Anonymous Anónimo said...

O Lobon das Estepes é um livro muito bom do Hesse. No entanto, para mim, a obra prima dele é o Narciso E Goldmundo, muito acima do Lobo das Estepes, do Jogo das Contas e Vidro, do Peter Carmenzind(o mais fraco dos que li) e do Siddartha. Gostei muito do Lobo das Estepes, mas acho que aí o Hesse nãp chegou a alcançar o seu melhor. Há tempos ouvi o Alfredo Saramago, o gastrónomo, a dizer que tinha dezenas de Lobo das Estepes em casa e que era o livro que oferecia a toda a gente que se cruzava com ele, para depois lhes perguntar e ver as reacções e ele depois contava algumas bem curiosas, das pessoas que adoraram o livro às pessoas que o odiaram e o insultaram, etc.

Relembro ainda uma coisa que me marcou no Lobo das Estepes que foi a parte sobre o riso e a sua descoberta. E concordo com o Hesse que é das coisas mais difíceis da vida.

E Juan Rulfo já leste. Há Rulfo agora no porco.

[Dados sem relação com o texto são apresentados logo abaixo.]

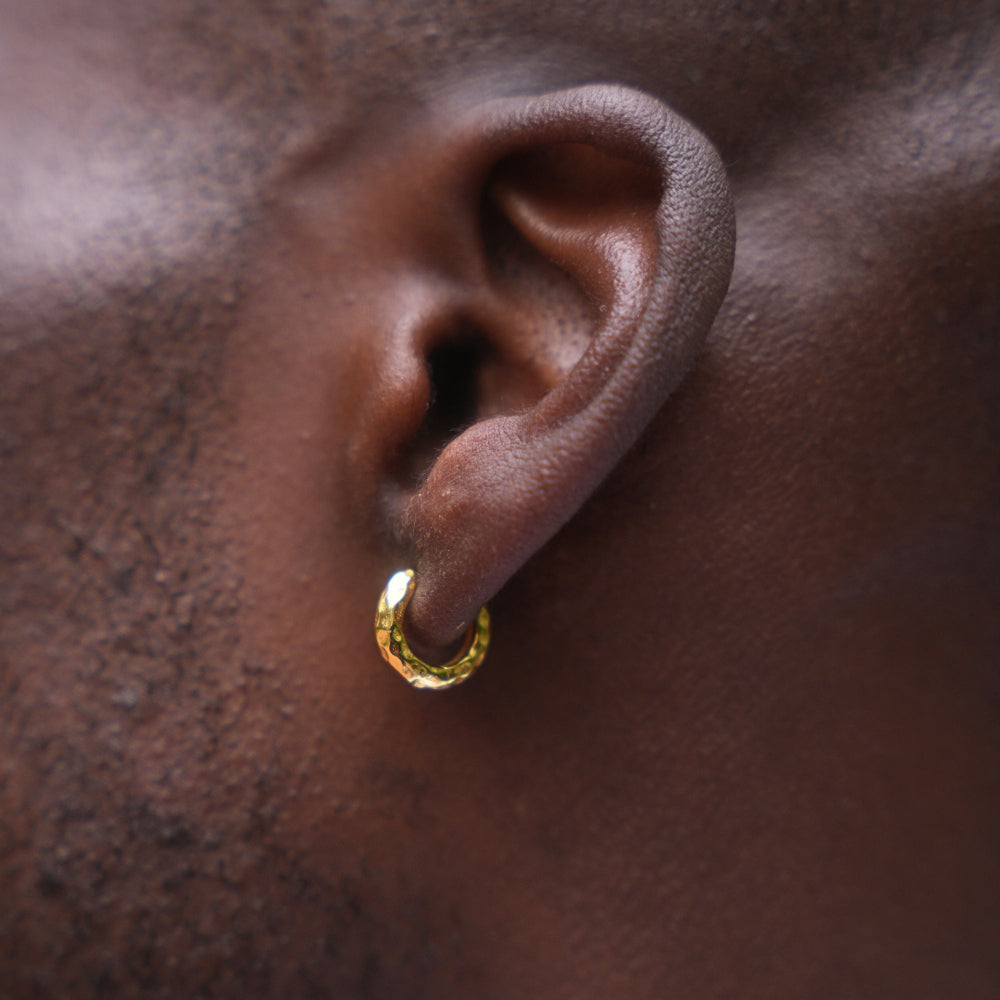 Close-up of an ear wearing a gold hoop earring on a dark background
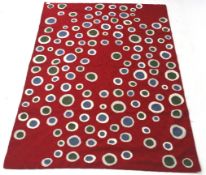 Zaida Kashmir wool textile throw red ground with circles.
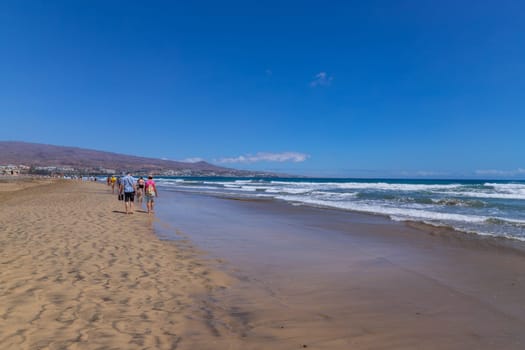 Gran Canaria, Spain - March 20, 2024: People visit Playa Ingles beach in Maspalomas, Gran Canaria. Spain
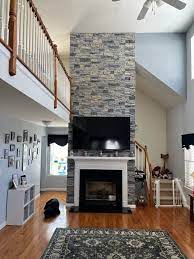 Roland S Two Story Faux Stone Fireplace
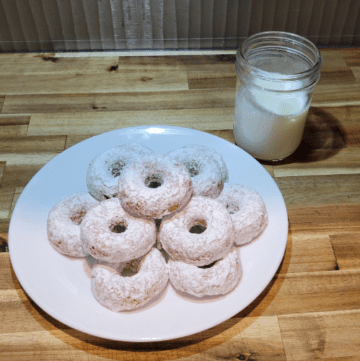 a white plate of white powdered sugar donuts stacked next to a glass jar half full of milk. Both sitting on a wooden countertop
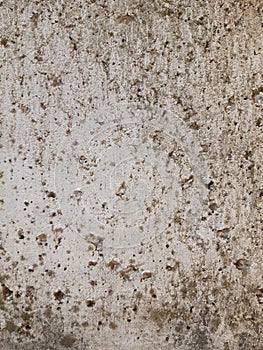 Old moldy with small holes in the stone. Grunge background photo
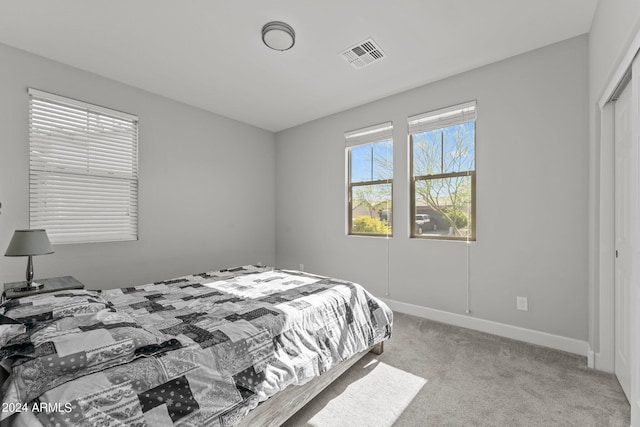 bedroom with light colored carpet and a closet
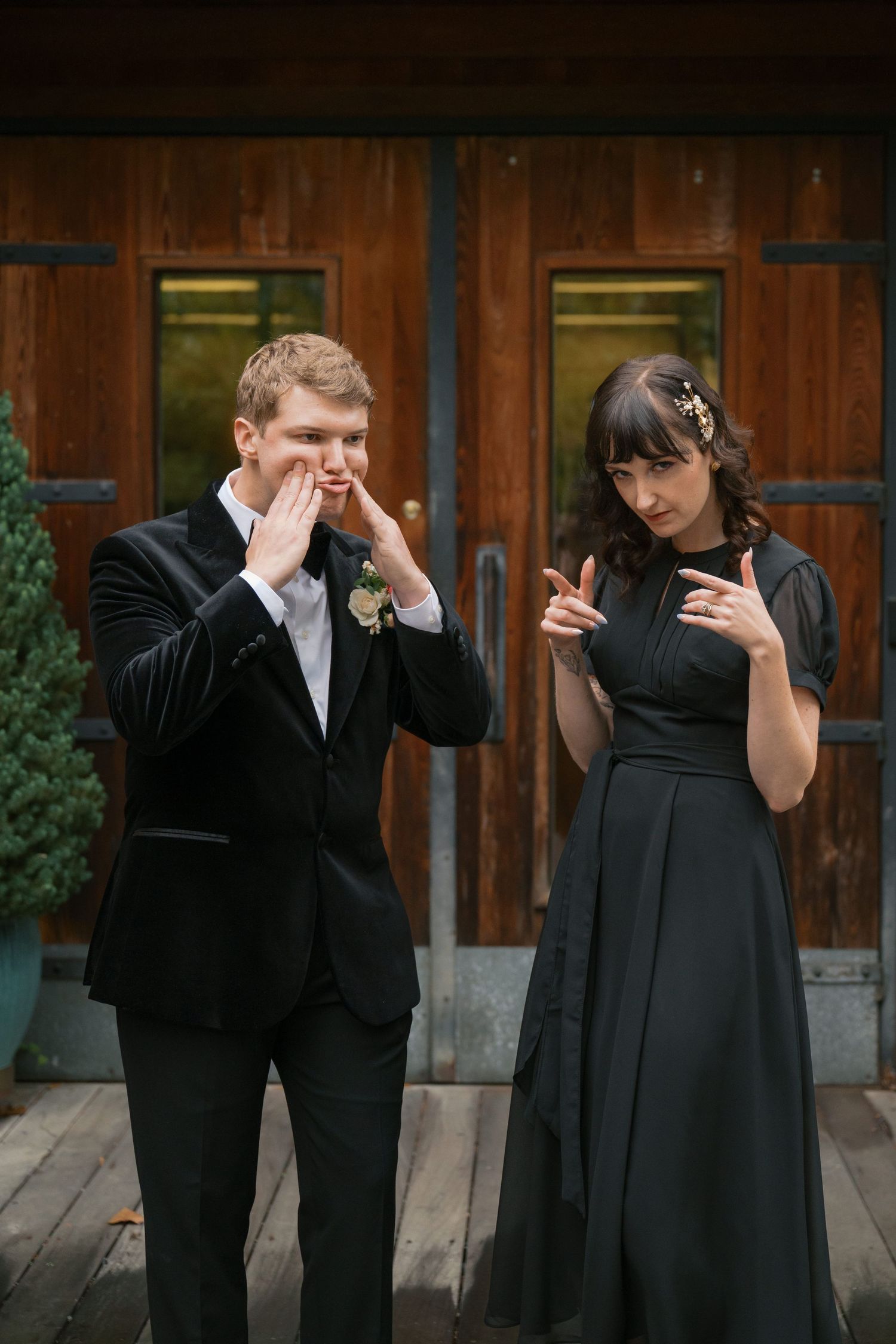 Two people in formal attire make playful gestures in front of wooden doors.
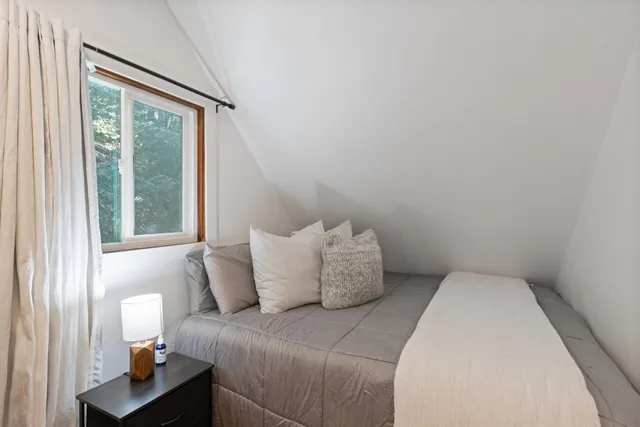 a bed sitting in a bedroom next to a window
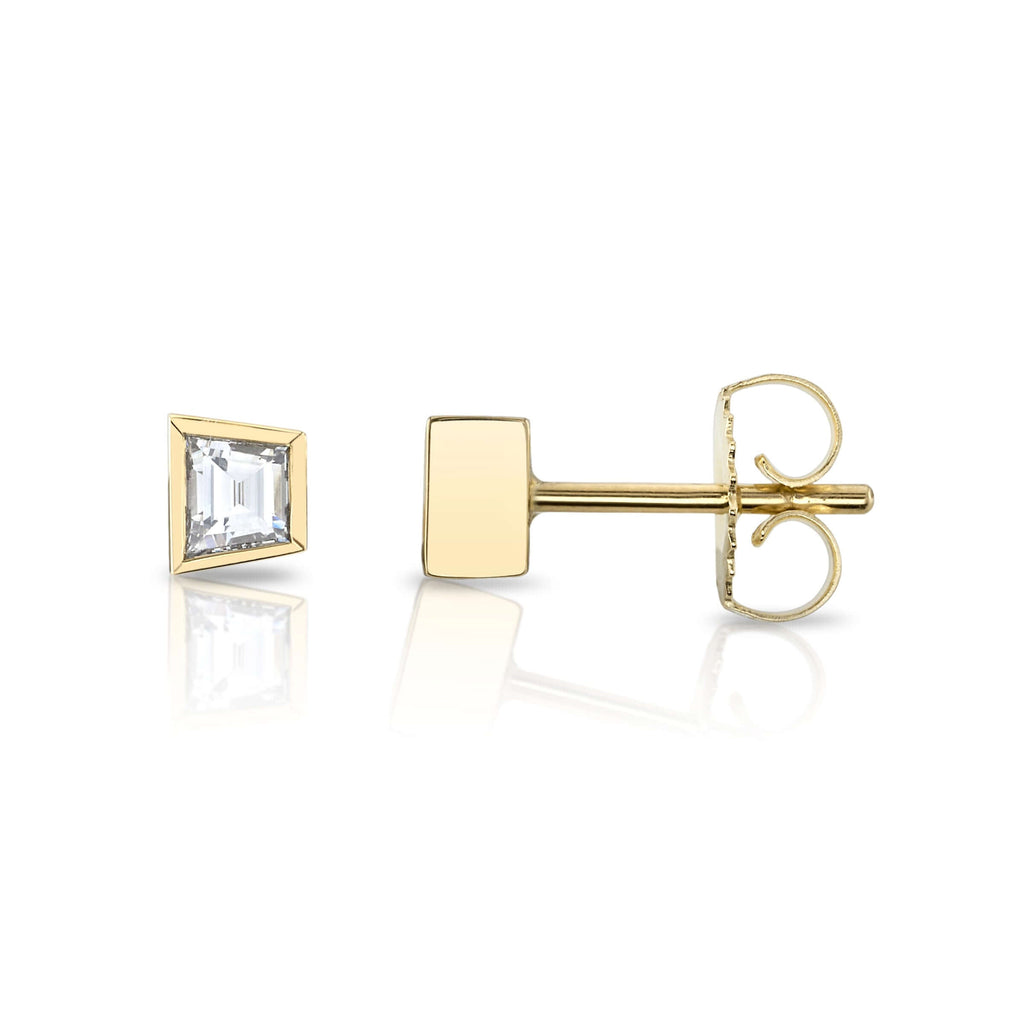 SINGLE STONE SLOANE STUDS | Earrings featuring 0.43ctw G/VS1 trapezoid cut diamonds bezel set in handcrafted 18K yellow gold stud earrings.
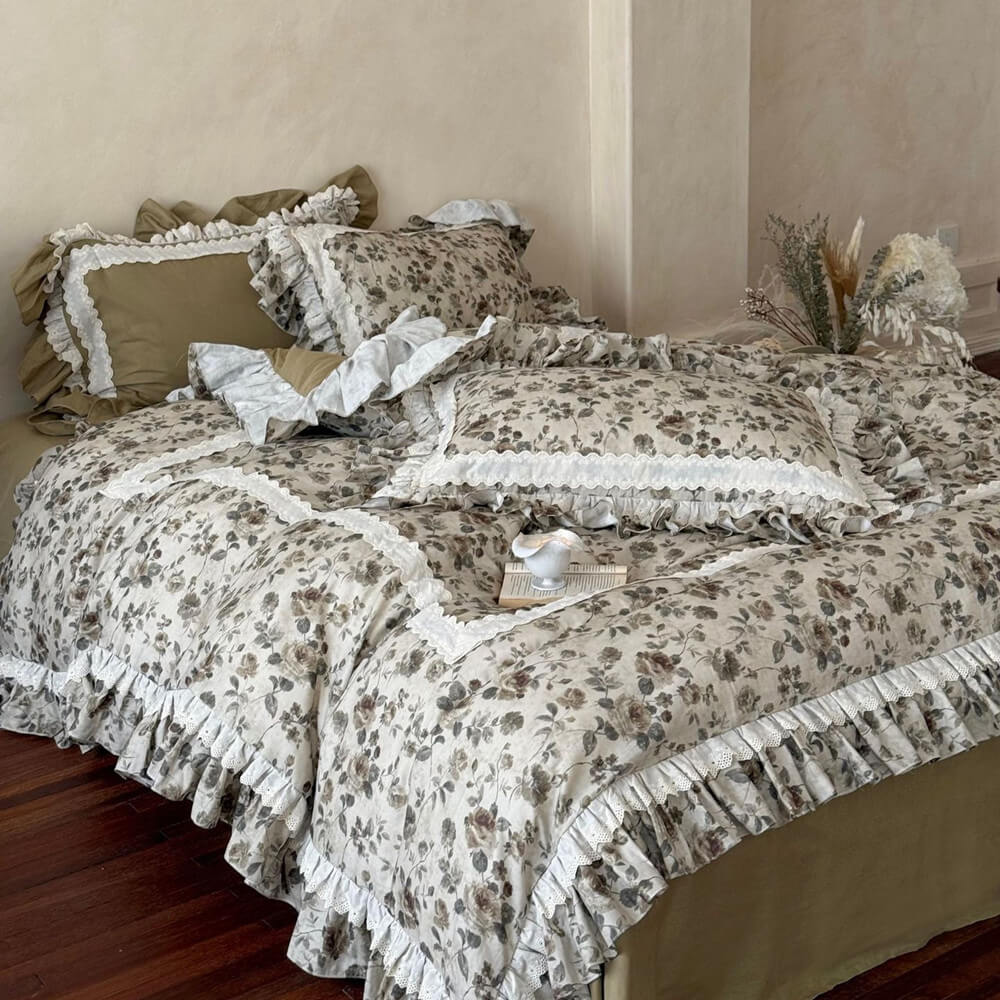 French cottage floral bedding set with olive solid fabric, faded floral print, ruffled trim, and ivory lace details in a cozy bedroom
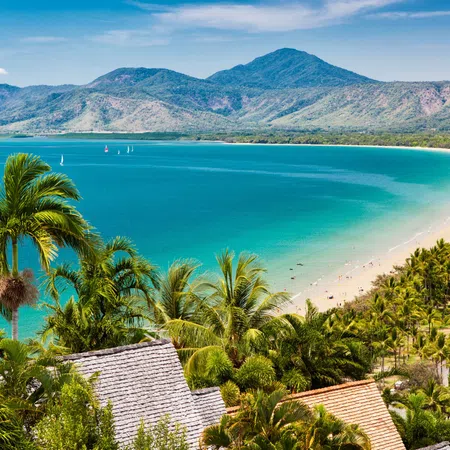 Tropical beach with turquoise water, palm trees, sandy shore, distant mountains, and sailboats under a clear sky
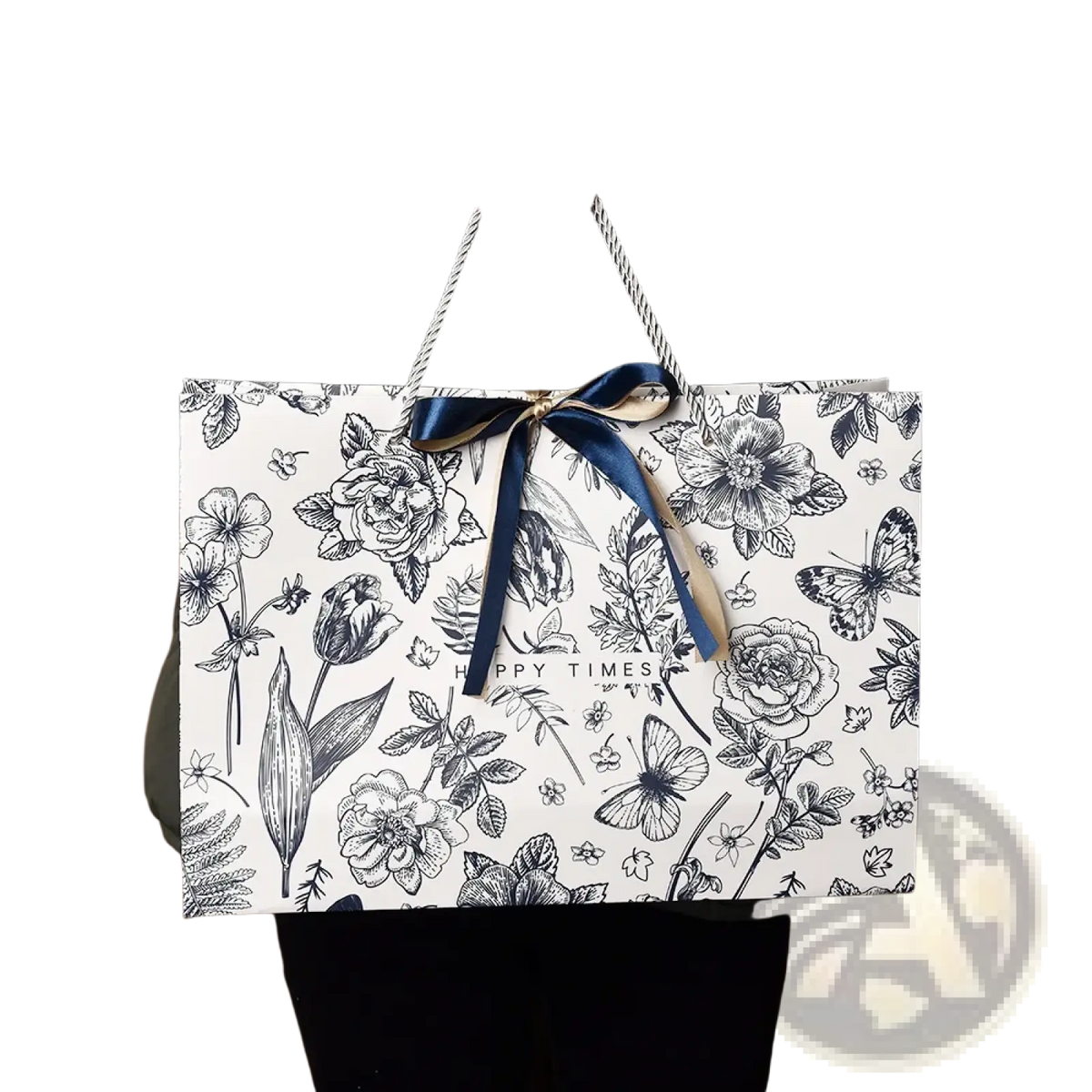 White paper shopping bag with black botanical illustrations and navy blue ribbon bow floral paper gift bag with ribbon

quinta-feira, setembro 29, 2005  
Anonymous Anónimo said...

Ena, o grande Hesse... é um dos meus preferidos, embora, estou como o Alquimista, prefira outras coisas dele. Não gostei muito do Lobo que achei demasiado sombrio. O meu preferido é O Jogo das Contas de Vidro, mas acho que há um fundo positivo em Hesse que não vislumbro no Lobo. E, seguind a mesma família literária, já leste o Grande Amin Malouf?